Andrés parte para sua aventura a partir de sua própria casa. Busca, acompanhado de seu filho, fotografias de si e da mãe, vestígios dela, como cartas e objetos, num porão escuro. Com ajuda das fotografias, das imagens em vídeo e película feitas por sua mãe sobre a família e sobre sua terra natal, a Índia, ele parte na missão de se compreender melhor através da investigação sobre as lacunas mais obscuras de sua história familiar. Para isso, além do material de arquivo temos um registro do presente através do vídeo, e uma espécie de presente maior – que organiza todo o filme – dada pela narração em off feita pelo próprio diretor.


Na opção pelo filme-ensaio em primeira pessoa, o filme se perde um pouco. Talvez por causa de querer contar muita coisa no mesmo filme: sua história íntima, a história de sua mãe, de seu pai, da família ainda integrada, da família na índia, da cultura hindu, da sua paternidade, da sua relação consigo mesmo, dos indianos na Argentina, do racismo e do escritor Ricardo Guiraldes. A opção por relacionar sempre o geral e o particular termina por enfraquecer os dois. Mas há boas sacadas como quando diz que “isso eu não filmei”, relação endossada pela edição que insere telas pretas entre os blocos. E também no emocinante plano de sua mãe, ao vento de uma carro em movimento – que condensa vários eixos do filme. Nessa imagem, Di Tella perde a chance de terminar com precisão, e se estende por mais uns bons minutos, fazendo uma série de falsos finais nas suas quase duas horas de duração.


A construção de si - e do outro - arquitetada por Di Tella emociona pouco. Enquanto que a relação entre os níveis da narrativa raramente se complexifica.
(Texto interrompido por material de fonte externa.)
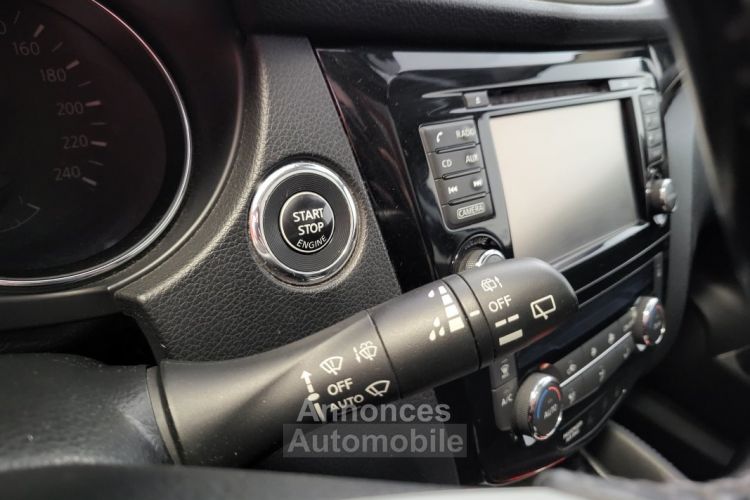 Nissan Qashqai 1.5 DCI 110 CONNECT EDITION + ATTELAGE - <small></small> 9.690 € <small>TTC</small> - #25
Fotografias nos pega mais por conta do carisma de Rocco e da montagem do material de arquivo - mas de às vezes carregar a mão no melodrama. Apesar da moda, é necessária uma precisão singular para tecer narrativas sobre si – como é o caso de Santiago, Alguma Tristeza e Tarachime, já exibidos no ETV 2007 – e isso faz falta em Fotografias.